Europa est un livre aussi remarquable qu'il est parfois pénible. Remarquable, il l'est au moins à deux titres. D'abord, son discours allégorique sur l'Europe, qui est envoûtant à défaut d'être subtil. R. Gary et son protagoniste, Danthès (allusion croisée au meurtrier de Pouchkine, d'Anthès, et à l'Edmond Dantès de Dumas) marchent sur la ligne de crête entre l'illusion totale — propos lyriques sur les enchantements de la culture européenne, de Rilke à Casanova — et l'entier désenchantement post-Seconde Guerre mondiale. Que faut-il croire au terme du roman ? Peut-on espérer, comme le dit Danthès, que la culture européenne soit “ce qui, dans la beauté abstraite de Mallarmé, se met à lutter contre les taudis” ou doit-on se résigner à n'y voir que “l’alibi et le refuge des élites en état de siège” ?
Ensuite, Europa est aussi un ballet de faux-semblants, qui rappelle parfois la façon du cinéma contemporain populaire, de Memento à Shutter Island.
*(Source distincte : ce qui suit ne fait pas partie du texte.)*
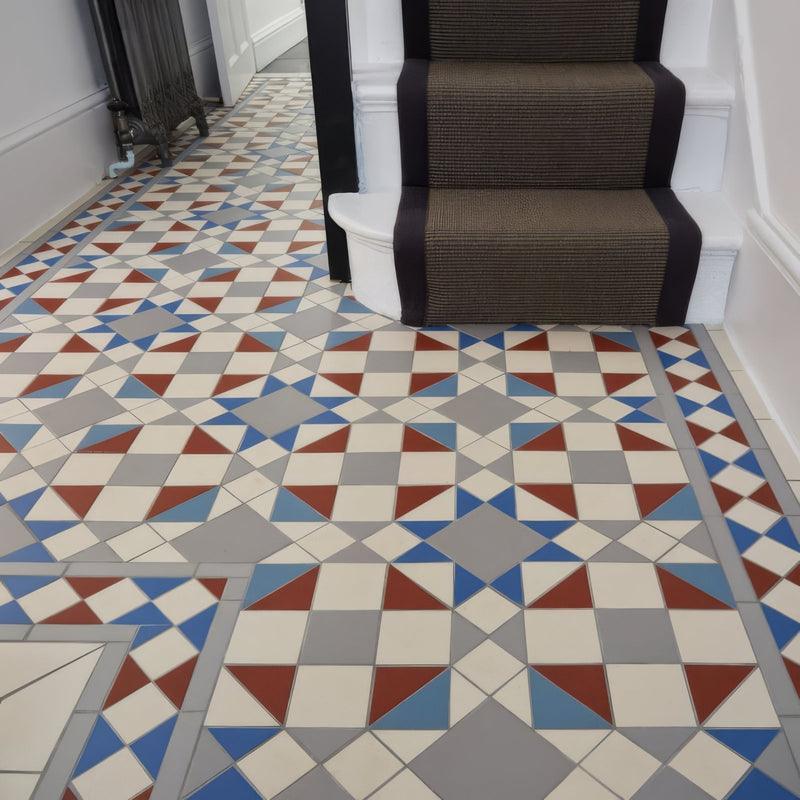 Geometric patterned red blue and gray floor tiles on cream background from victorian floor tiles eltham pattern collection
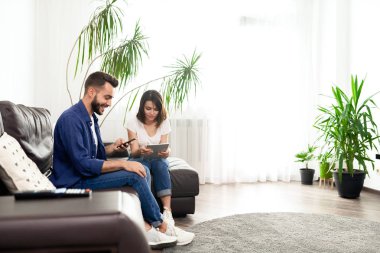 Wifi ile düz rahat kanepede oturan ve iletişim yerine cihazları kullanarak rahat kıyafetler içinde Pozitif genç çift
Plusieurs versions d'un même chapitre se succèdent, sans que l'on sache lequel croire ; un personnage aussi insignifiant qu'écrasant, le Baron, disparaît comme le chat de Cheshire ; les souvenirs des personnages sont tordus par leurs mensonges… Un autre thème obsessionnel est celui de la rumeur vue par celui qui en est l'objet : Danthès s'interroge souvent sur le double quasi-dostoïevskien que nous forge l'opinion de nos prochains, cet “Autre” “dont nous ignorons tout, si ce n’est le tort qu’il nous fait”. Les mystères d'Europa ne sont pas sans lien avec son discours allégorique. L'Europe n'est-elle pas aussi ce continent imaginaire que l'on est pas sûr de jamais saisir dans son existence réelle ?
Reste l'écriture assez pesante du roman : outre les répétitions voulues, on a l'impression de relire plusieurs fois les mêmes passages de déploration sur la fin de la culture, les mêmes errances de Malwina von Leyden dans le passé… L'esthétique rococo du roman englue une œuvre déjà fort complexe et riche. Dommage, car Europa est une preuve de plus du talent et de la versatilité de Romain Gary, sur un ton tragique qui n'est pas celui de ses ouvrages les plus fameux.